I usually don’t notice until I’m at the bottom, surrounded by mud, when everything is fuzzy and I can’t breathe without trying very hard and I have to decide either to climb out or stay there for a bit. Sometimes I stay. Sometimes I just wiggle around. Sometimes I climb and dirt gets under my nails.
Right now, the sensation of sinking is very present. This is unusual. And that’s scary. I do no like the feeling.
I don’t feel helpless, but that may be just because I don’t want help. I don’t want to be pulled out. I also don’t want to be sinking. But I don’t want to spend time with my friends and I don’t want to eat and I don’t want to clean my room and I don’t want to really talk to anyone. My phone dies and I don’t plug it in. I begin to text my friends and when they don’t reply, I realize I don’t care. I begin to make plans and then I realize I don’t really want to go. I’m separating myself in a subconscious, self-destructive, semi purposeful way and I don’t mind enough.

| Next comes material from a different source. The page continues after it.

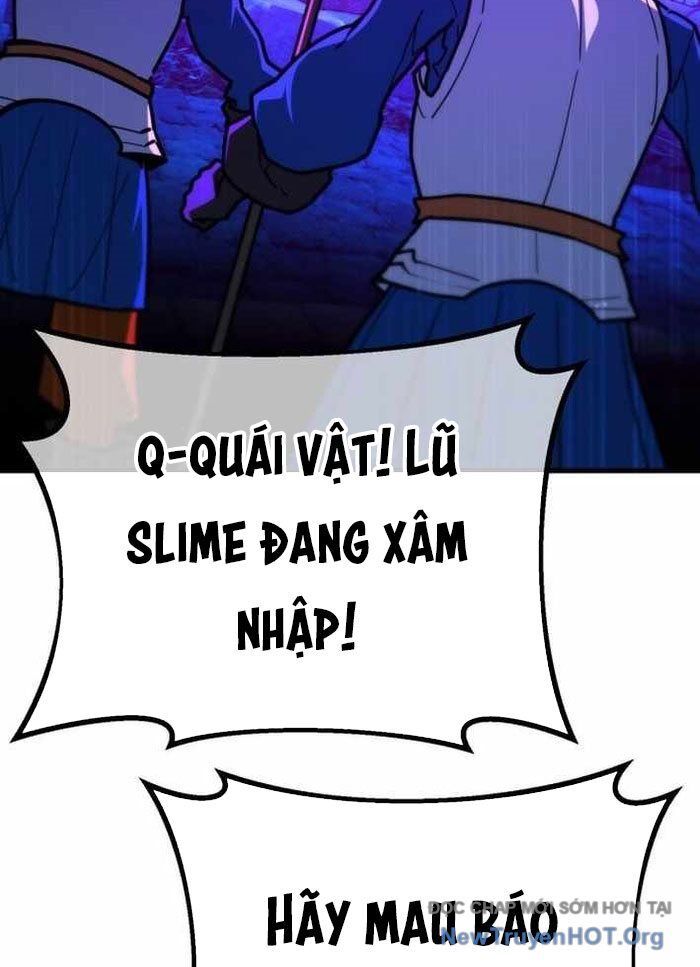 Quỷ Troll Mạnh Nhất Thế Giới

I think I may be losing friends and I care but I don’t know if they do and so I don’t want to fix it.
I’m super stuck. And I can’t shake feelings of wanting to be somewhere else and wanting to be someone else and wanting a new life, because that’s what always happens right now, because I’ve never had the same surroundings for such a long period of time and I think my internal clock is freaking out just a little. But I’m also terrified to lose it because this is my life, and I love it, but it always gets changed and I was never afraid of that change before but now I am. I don’t want to be an adult and I don’t want to have new friends and I don’t want to loose my old ones, but I feel like all of these things are going to happen and happen quickly and I don’t want them to. I guess I’m trying to take control of this and so I am sinking away and distancing myself and I really don’t want to, but I have never learned good and productive copying skills so this is what I have.
I just feel blue. Extra blue. I don’t know what to do about it.